La Suprema Corte di Cassazione si è di recente espressa più volte confermando tale orientamento (su tutte Cassazione, Sezioni Unite, n 22474 del 2016) sancendo  la necessaria cancellazione dal bilancio dei crediti a sofferenza ed inesigibili la cui presenza comporta alterazioni di bilancio, falso valutativo, falso in bilancio e false comunicazioni sociali con conseguente responsabilità per gli amministratori che, in questo modo, inducono i terzi in errate valutazioni sullo stato di salute della società. La cessione pro-soluto di crediti a sofferenza può essere un utile e valido strumento di gestione della Banca purché l’identificazione degli eventuali crediti da cedere e la decisione di cederli, sia conseguenza di una corretta valutazione di merito da parte dell’azienda di credito stessa e di una applicazione di corretti criteri gestionali e normativi incontestabili. E’ utile ricordare infatti che uno dei profili che ha reso, tra le altre cose, grave la crisi che il sistema bancario ha avuto nel primo decennio del XXI secolo è stato la classificazione a “sofferenza” di molti crediti ad un grado di rischio e con parametri molto diversi rispetto a quelli reali.
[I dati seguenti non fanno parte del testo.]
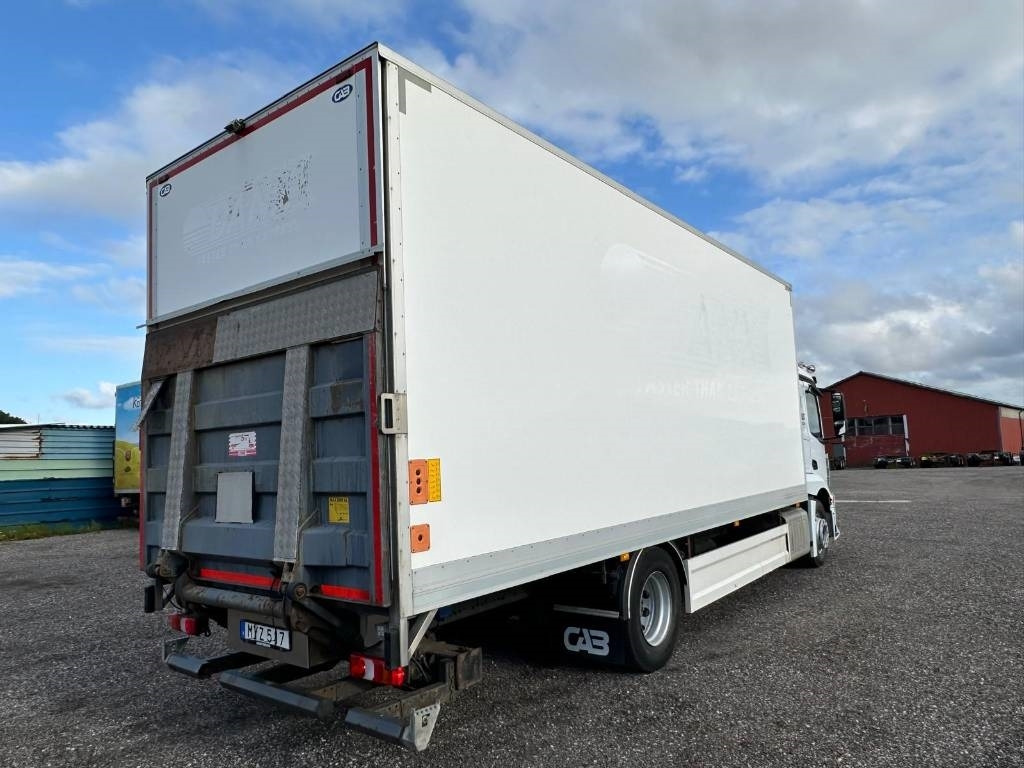 Mercedes-Benz ACTROS 1836 Euro 6 8468 - Box truck: picture 4 Mercedes-Benz ACTROS 1836 Euro 6 8468 - Box truck: picture 4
La conseguenza di fatto è stata quella di avere bilanci all’interno del sistema bancario “drogati” in cui molti dei crediti che sono stati oggetto di cessione erano stati appostati a bilancio con valori virtuali superiori rispetto al loro effettivo valore. Alcune Banche infatti applicavano una male practice che consisteva in una super valutazione delle garanzie al fine di giustificare gli impieghi e mantenere, nell’apparenza, solidi i bilanci. Con la conseguenza che nel momento di maggior espansione delle operazioni di cartolarizzazione (prima decade degli anni 2000) il mercato è stato inondato con portafogli che poi hanno dovuto essere completamente svalutati. Il prezzo e la corretta valutazione dei crediti sono, dunque, l’elemento fondamentale su cui si muove il sistema delle cartolarizzazioni nel mercato finanziario. Strumento sicuramente ingegnoso e proficuo per lo smaltimento degli NPL ma che, per contro, non deve essere abusato tramite una sua lettura distorta tale da alterare le valutazioni patrimoniali appostate a bilancio poiché così facendo si snaturerebbe la natura prevalentemente finanziaria dell’operazione che la rende profittevole sul mercato per ridurre la cessione dei crediti ad una “mero” trasferimento del rischio da un soggetto all’altro con il solo intento di scaricare all’ultimo arrivato un portafoglio privo di valore ma, cosa ancor più grave, diffondere sul mercato titoli inconsistenti e privi di valore bruciando cosi anche il valore dei risparmiatori che andrà ad aggiungersi a quello, già perso, dei crediti irrecuperabili.